この記事は、以前に CIO (英語) に掲載されたものです。

数ある画期的なテクノロジーの中でも、クラウドほど多くの話題と混乱をもたらしたものは、あまりありません。企業はクラウドのセキュリティとパフォーマンスに懸念があり、インフラストラクチャの制御を他社に委ねることに不安を覚えています。しかし、それでもクラウドの急速な導入は留まることを知らず、小さな組織でも国際的な大企業でも、自社のインフラストラクチャやソフトウェアを部分的に、あるいはすべてクラウド化する動きが進んでいます。­

実際に、クラウドはオンプレミスのハードウェアに比べてコストが低いため、クラウド導入の増加の理由にコストが挙げられるのは間違いありません。クラウドは使用するリソースに対してのみ料金を支払うため、コスト効果が高い一方、クラウドを導入した企業が 2 度と元のシステムに戻らないのには、コスト以外にも 3 つの主な理由があります。

速やかに導入できる

CRM ソリューションのようなエンドツーエンドテクノロジーの導入にかかる時間を考えてみましょう。企業はまず、すべての導入ソリューションの調査を行う専門調査チームを作り、ソリューションをサポートする適切なハードウェアを購入し、導入と管理を専門に行うチームを用意する必要があります。会社の成長と共に、スケーラブルなシステムを維持するために、これらの骨折り作業を何度も繰り返さなければなりません。

クラウドの場合、プラットフォーム CRM、データウェアハウス、さらに分析プラットフォームのすべてを、ほぼボタン 1 つで導入することができます。ハードウェアの設定やシステムのメンテナンス、物理的なサーバーのアップグレードに時間を費やす必要がありません。これにより、企業が膨大な時間とリソースを費やすことなく世界クラスのインフラストラクチャやエンタープライズクラスのセキュリティを利用でき、信頼性の高いテクノロジーを導入することが可能になります。企業はよく障害に備えて同じ内部システムをいくつも構築し、膨大なリソースを費やすことがありますが、クラウドではこれが簡単に、そして通常無料で行えます。

柔軟性とスケーラビリティ

ビジネスには予想のできないアクシデントが付き物であり、こうした不確定要素が、インフラストラクチャの管理をますます難しくしています。ハードウェアの追加注文と導入には非常に時間がかかるため、企業は容量管理をするための専門のチームを用意しなければなりません。一方クラウドは、ビジネスの変化に応じてスケールアップ・スケールダウンできるため、これらの問題をすべて解決できます。また、予期せぬ需要の増加に合わせてインフラストラクチャを慌てて追加導入する必要もありません。

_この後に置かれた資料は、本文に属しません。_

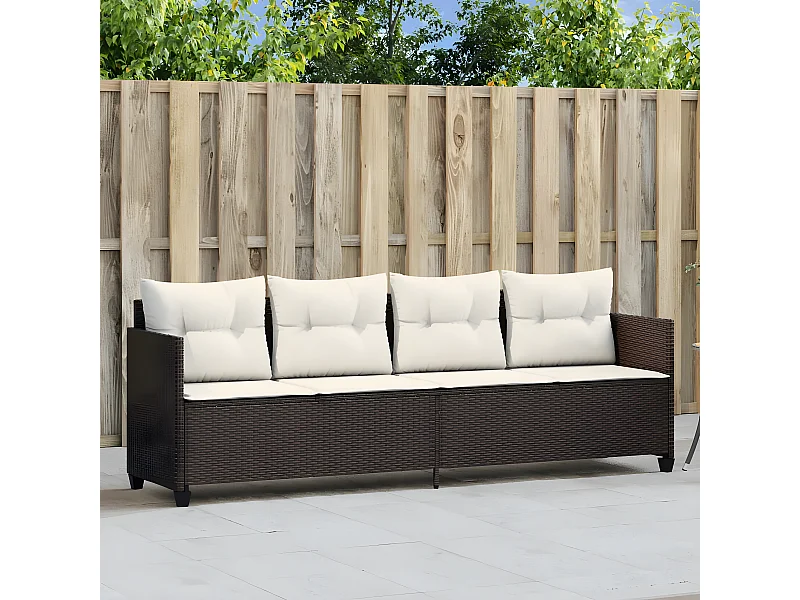 Bain de soleil avec coussins marron résine tressée FR33437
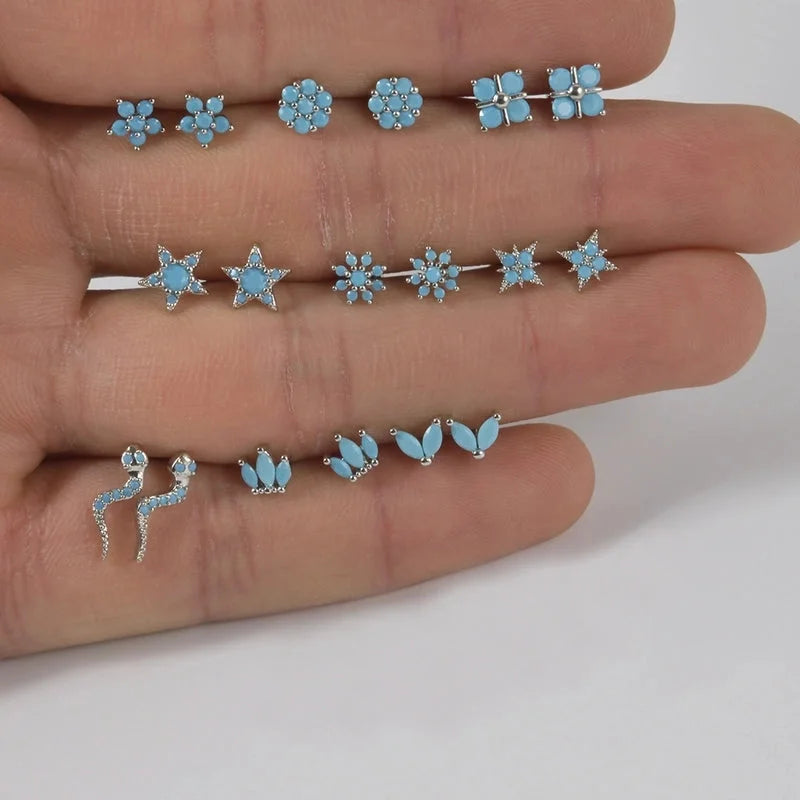 2 Pieces Nose Rings & Studs Minimalist Flower 304 Stainless Steel Turquoise Turquoise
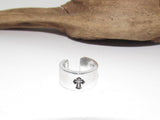 Sterling silver cross ring, rock climber ring, Personalized Adjustable stamped ring,  stamped cross jewelry, boho ring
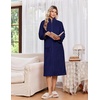 Ekouaer Women Plush Robe Zip Up Bathrobe Fleece Warm Housecoat with Pockets(Navy Blue)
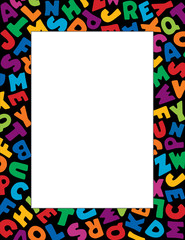 Alphabet Frame multicolor letter black border, poster copy space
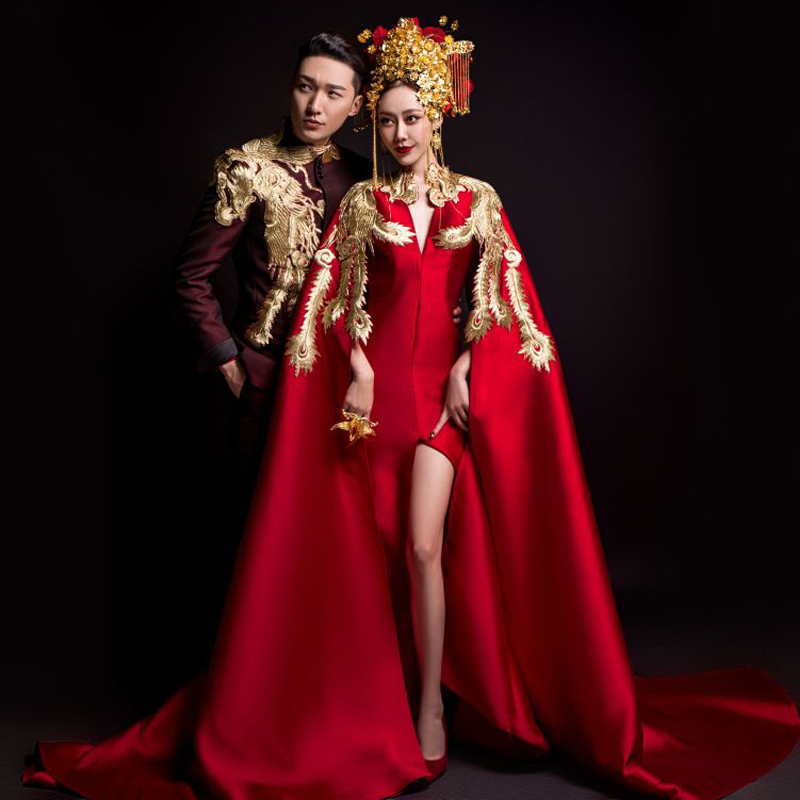 New photo studio theme clothing exquisite wedding dress Chinese style red Chinese retro catwalk photo cloak dress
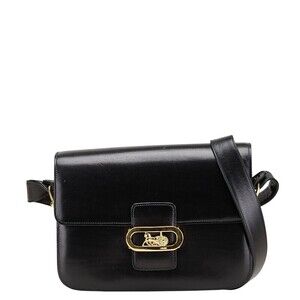 Celine carriage shoulder bag black leather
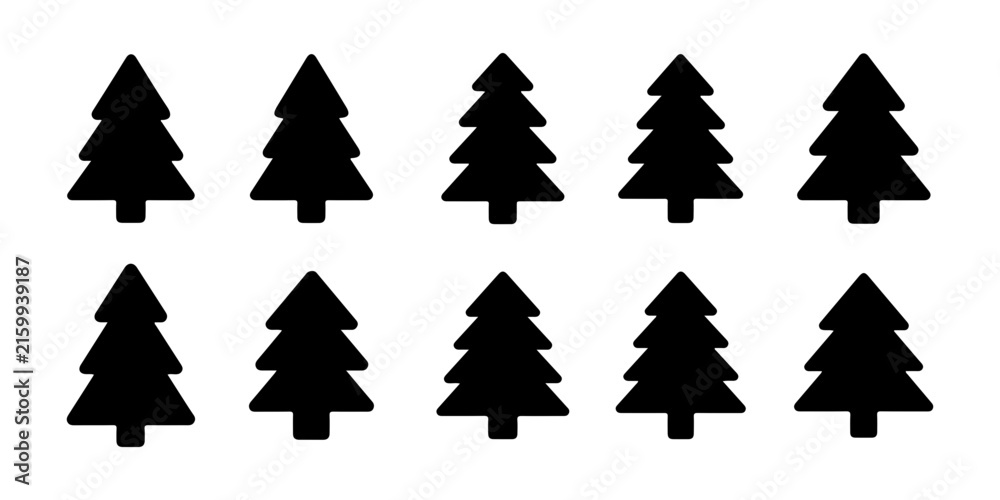 Obraz premium Collection of ten black christmas trees icons on checkered background graphic.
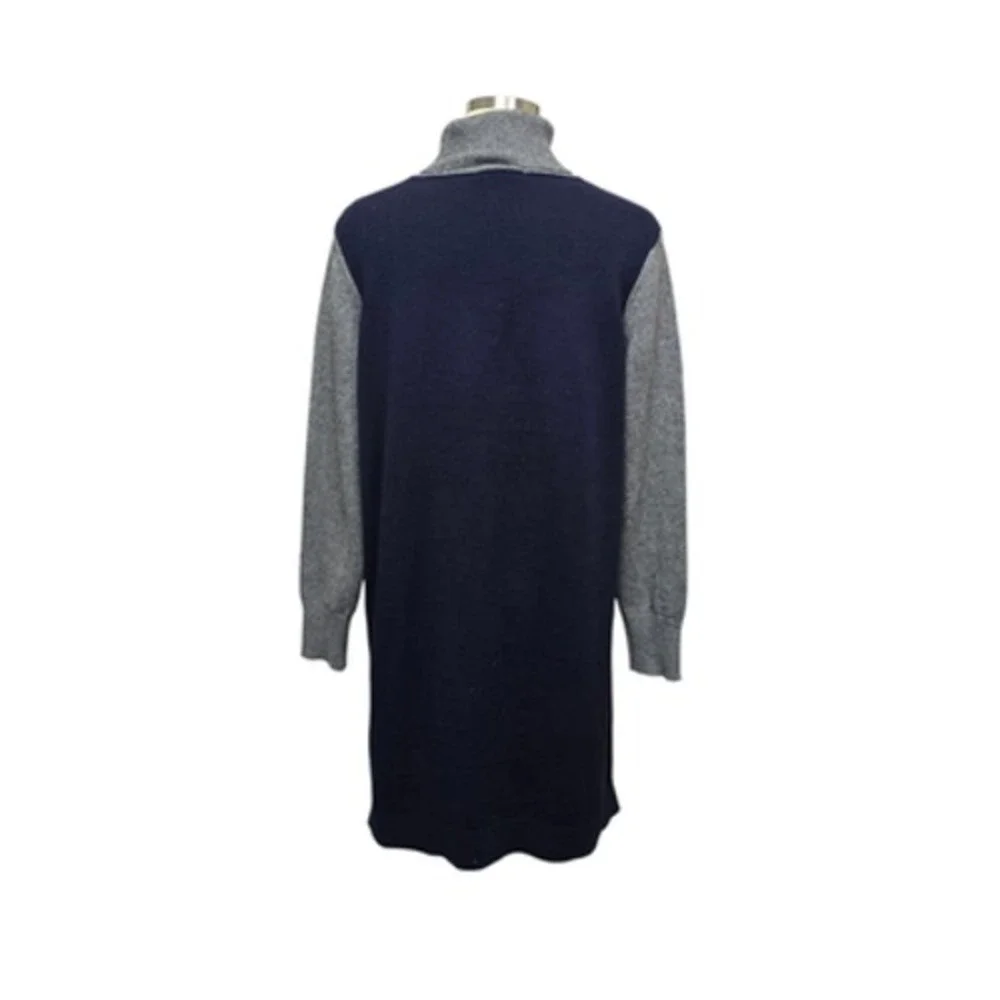 Boden Sweater‎ Dress Womens 12 Navy Gray Turtleneck Colorblock Wool Cashmere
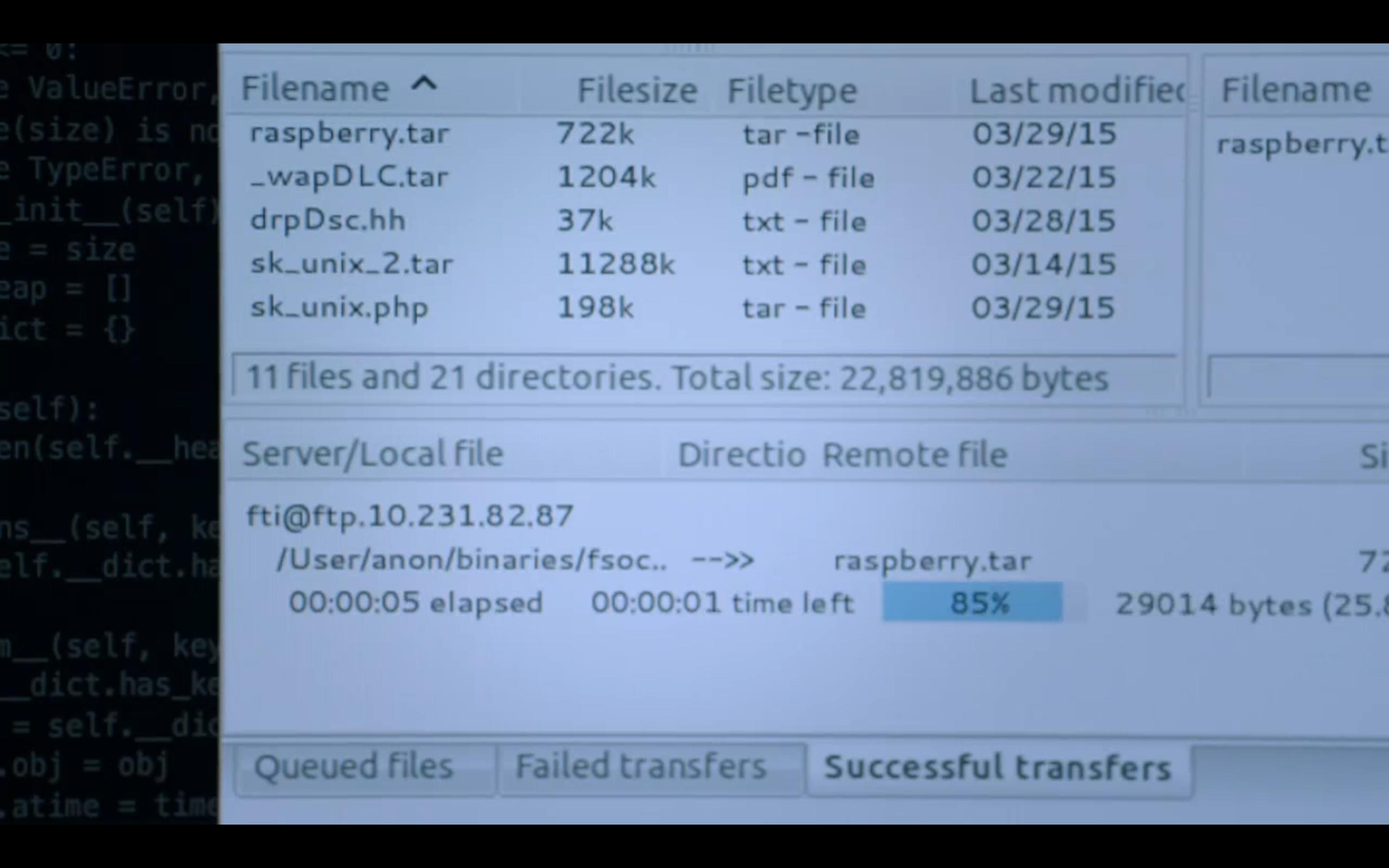 Trenton uses a graphical file transfer program to send her exploit to her FTP server, :robot: screenshot 📷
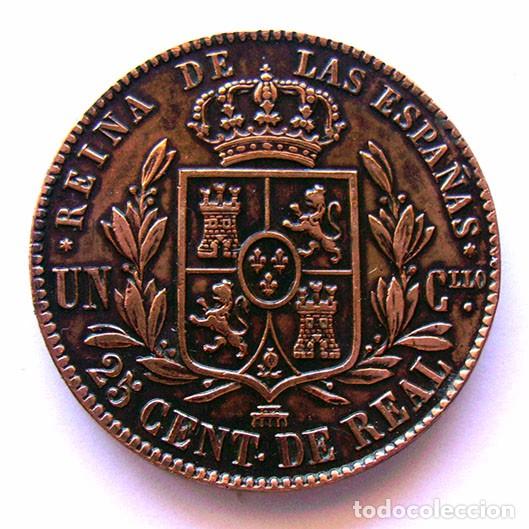 Monedas de Espa&ntilde;a: ISABEL II . 25 CENTIMOS DE REAL . 1855 - Foto 2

さらに、クラウドを使っている企業はビジネスの形態や規模を自由に発展させていくことができます。もちろん数多くのテクノロジーも活用できます。クラウドなら、企業は以前購入したオンプレミスのソリューションに縛られることなく、データサービス、ストレージオプション、オペレーティングシステムなどを、様々な選択肢から選べます。ニーズが変わっても、新しいサービスを使い始めた時と同じようにボタン 1 つでクラウドサービスを簡単に乗り換えることができます。

未来のテクノロジー

CRM、マーケティングの自動化、データ分析などの従来のテクノロジーソリューションが、上記の 2 つの理由でオンプレミステクノロジーからクラウドへと移行していく中、クラウドでは未来型のテクノロジーが着々と構築されています。

データサービスや分析ツール、さらにはストレージソリューションまで、日々新しいテクノロジーがクラウドで開発され世界にリリースされています。旧型のソリューションといえば、相互運用性のないプラットフォーム上に構築され、柔軟性の低いハードウェア上で実行され、ファイアウォールの内側でしか機能しないというイメージがありますが、これから時が経つにつれ、既存のレガシーソリューションと新しいクラウドテクノロジーを統合する企業はますます少なくなっていくでしょう。

クラウドのインフラストラクチャやソフトウェアを採用している企業は、次々と生まれる革新的な技術を採り入れていく体制が整っていると言えます。従業員は、どんなに困難なビジネス課題でも果敢に取り組んでいけるでしょう。

また、クラウドはセキュアであると同時に場所を問わず利用できるため、例えば営業チームはオフィスから電話をかけたり、モバイルデバイスを利用して病院に医薬品を売り込んだりできます。

今日の企業には、スピーディなイノベーション、変化に対する即応力、より確かな信頼性が求められています。クラウドと統合すれば、未来に通用する競争力がつけられます。